7. Classificate, non costruite. Questo principio discende direttamente dal precedente, la sottovalutatissima operosità dell’entomologo e del botanico, del Darwin osservatore instancabile, classificatore, ordinatore, metodico raccoglitore di minuzie e ripetute conferme, non sono queste le qualità del genio? Con il giusto tempo di coltura, imparare a memoria fa il genio.

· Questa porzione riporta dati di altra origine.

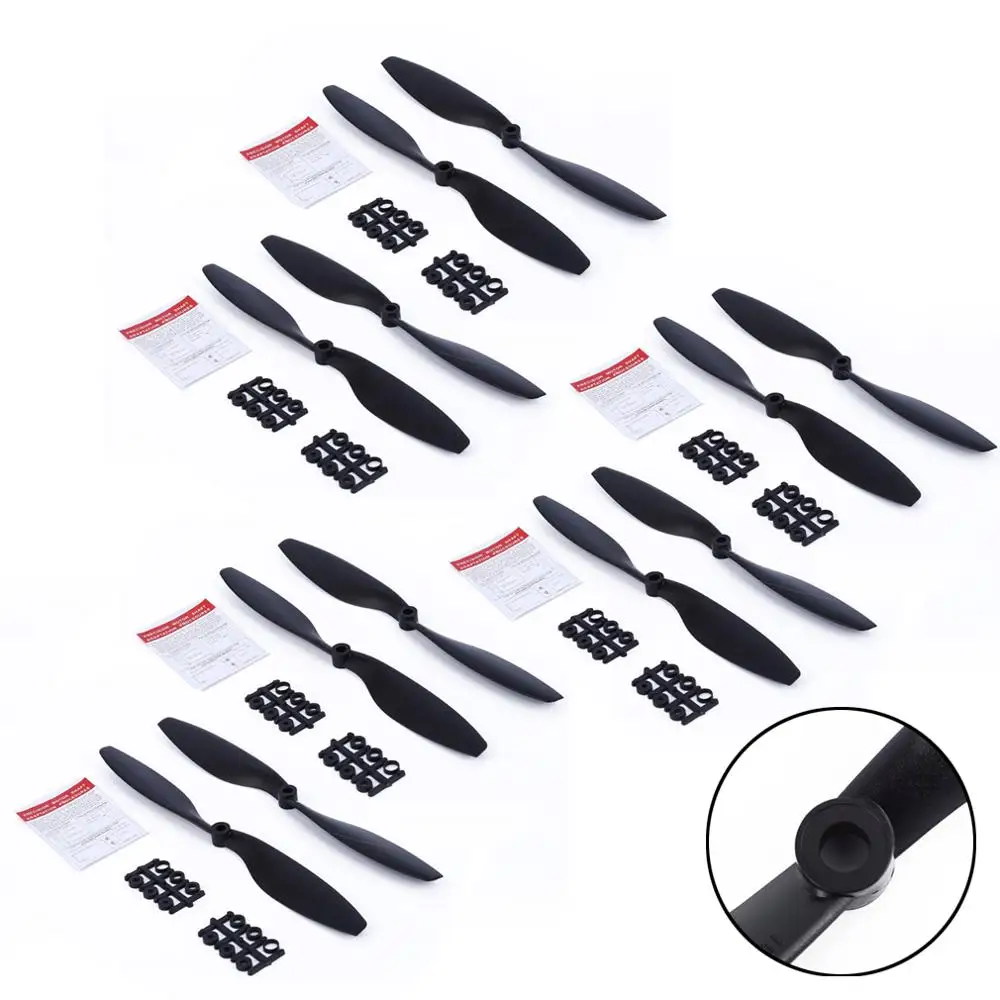 

12PCS 1045 Propeller 10in CW CCW 10X45 Props Accessory for F450 F550 Drone DIY Quad-copter RC Blade Spare Parts Wing Fans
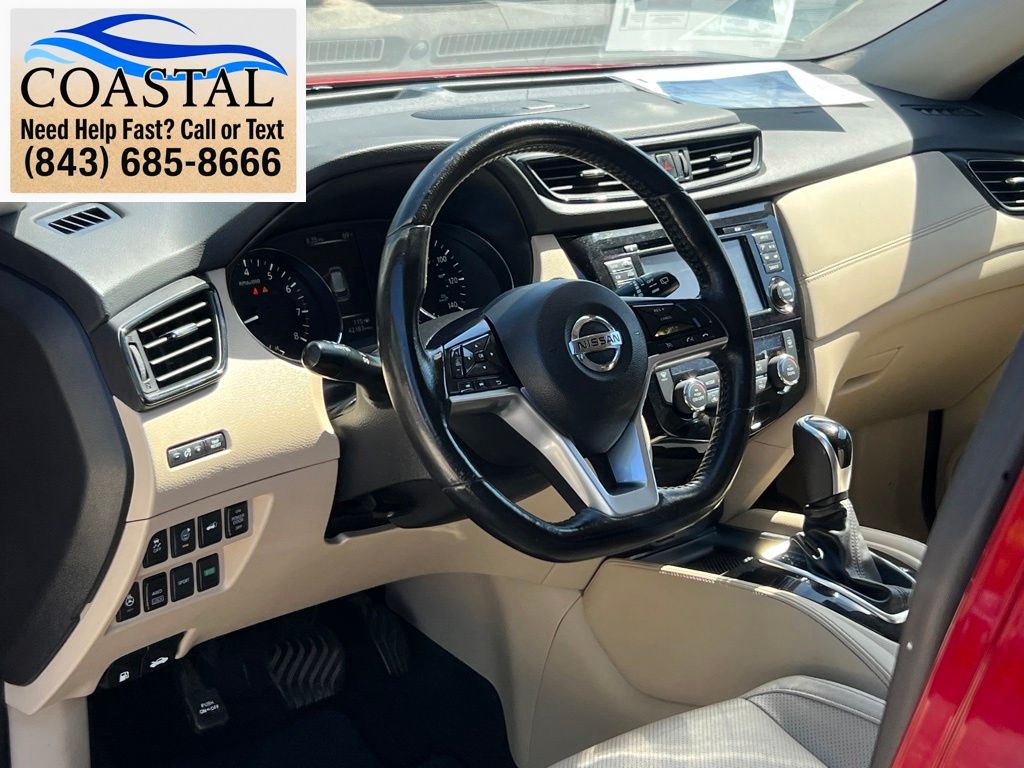 2017 Nissan Rogue SL Red at Coastal Chevrolet Cadillac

8. Esemplificate, non semplificate. Leibniz sosteneva che quanto più attentamente un uomo avesse esaminato figure di piante e animali, di fortezze o di case, letti romanzi e racconti ingegnosi, tanto più maggiore sarebbe stata la sua conoscenza, anche se in tutto quello che gli è stato dipinto o raccontato, non ci fosse una sola cosa vera. Gli esempi sono una fiorente e lussureggiante risorsa, e sono il bello della cultura, che dunque non paralizza la creatività, ma la rende possibile.
9. Cercate oggetti e non soggetti. Ci sono più cose tra la terra e il cielo che in tutte le nostre filosofie. Gli oggetti che popolano la nostra vita sono un universo di esempi concreti, e in più non allestiscono (in genere) le mistificazioni e automistificazioni dei soggetti. A guardarli bene, c’è da trarne una quantità di idee e soluzioni, o, mal che vada, si possono riempire pagine e pagine come fanno Zola e Proust quando non sanno come proseguire i loro romanzi, per la gioia di lettori volenterosi e sprovveduti.
10. Mandate al creatore i creativi. Non in senso maligno, ma così, alla buona, che se li goda Lui, noi ci teniamo i banali e i ripetitivi, perché il luogo comune, l’ovvio e l’ottuso, non solo hanno dalla loro la mancanza di pretese, l’essere alla buona che induce all’indulgenza, financo alla complicità, ma rivela l’essenza metafisica del mondo: Tat Tvam Asi, tu sei questo.